Brunch, dall’America alla domenica italiana
Informale, libera, varia: sta in questi tre aggettivi una delle poche tendenze di successo in questa stagione non certo brillante per la ristorazione italiana.
Con qualche limitatissima eccezione, paiono infatti soffrire maggiormente le tavole che, pur offrendo una proposta gastronomica di alta qualità, mantengono alcune regole d’etichetta fino a ieri considerate inderogabili, hanno orari poco flessibili e presentano una carta delle vivande chiaramente indirizzata su una sola linea di cucina. Di contro, chi oggi si siede alla tavola d’un locale è spesso infastidito da un servizio troppo formale, talvolta arriva al di fuori degli orari canonici e chiede di mangiare un solo piatto oppure di piluccare decine di preparazioni diverse.
A queste esigenze risponde perfettamente, ad esempio, il «brunch», in particolare per il pranzo domenicale, che, non a caso, vede da qualche anno moltiplicarsi anche in città e nel Bresciano le opportunità, tutte con confortante adesione.
Un successo figlio sempre di una proposta aperta alla più ampia informalità, di un servizio garantito in una fascia oraria allargata, di una grandissima varietà di piatti dovuta alla filosofia stessa di questa soluzione d’origine anglosassone.
Come si evince facilmente dall’etimo della parola - che nelle più diffuse ricostruzioni è frutto della contrazione fra i termini breakfast (colazione) e lunch (pranzo) - il brunch è nato in America tra gli anni Settanta e Ottanta del secolo scorso. Dapprima solo nei grandi alberghi, questa proposta cercava di mettere a tavola domenica a mezzogiorno, tanto chi si era alzato da poco (sono gli anni dell’imperante travoltiana febbre del sabato sera) con chi invece chiedeva un pranzo veloce, leggero e vario in una giornata dedicata al relax o al turismo. Il menù era dunque, almeno allora, basato principalmente su uova variamente strapazzate, bacon, hamburger, quiches salate e dolci, cheesecake, verdure crude e cotte (soprattutto alla piastra), frutta, dolci e dolcetti d’ogni genere.

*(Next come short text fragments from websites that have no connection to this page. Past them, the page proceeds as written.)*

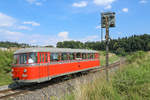 VT10.02 ist am Nachmittag des 29.Juli 2018 ebenfalls unterwegs nach Lieboch. 
Hier beim Einfahrvorsignal nach dem Kaiseerwald.
 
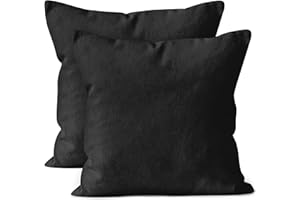 ENCASA XO Encasa Set di 2 federe per Cuscini in Cotone I 18x18 in (45x45 cm) - Jet Black I Senza Inserto I Tinta Unita Square Federe I Lavabili in Lavatrice | Solo per Uso Interno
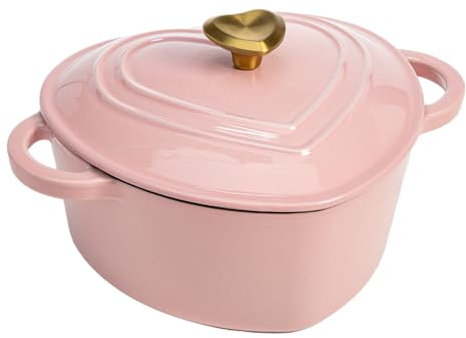 Paris Hilton Schmortopf aus emailliertem Gusseisen, herzförmig, mit Deckel, Doppelgriffe, funktioniert auf allen Herdplatten, ofenfest bis 260 °C, 2 Viertel, Rosa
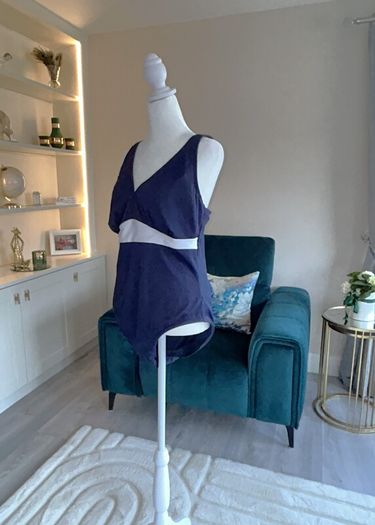 Ladies Navy & White Swimsuit from TU  Size UK 18 / EU 46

In verità gli inglesi rivendicano la primogenitura citando l’abitudine diffusa alla sostanziosa colazione che fin dai secoli precedenti era servita ai cacciatori durante la faticosa battuta alla lepre: una colazione-pranzo che vedeva i cavalieri apparecchiati sull’erba dopo la sfiancante corsa al seguito della selvaggina in fuga.
Indipendentemente dalle origini più remote, sono stati però gli americani ad imporre il brunch moderno, una proposta che non ha faticato in pochi anni a passare dagli alberghi alle case, esaltando proprio in questo passaggio un altro elemento centrale e di successo: l’aspetto comunitario del desco ndomenicale.
Il brunch infatti non si consuma mai da soli, è sempre l’occasione, a casa per riunire la famiglia allargata e gli amici. ed in albergo per stringere rapporti e festeggiare nel segno della libertà d’abbigliamento, d’orario e di menù.
Passando l’oceano ed approdando quindi prima nelle grandi città europee ed ora un po’ dovunque anche in Italia, il brunch ha ancor di più ampliato la propria proposta con piatti cucinati, massimamente la pasta, ma pure i secondi, con una attenzione non marginale ai dolci.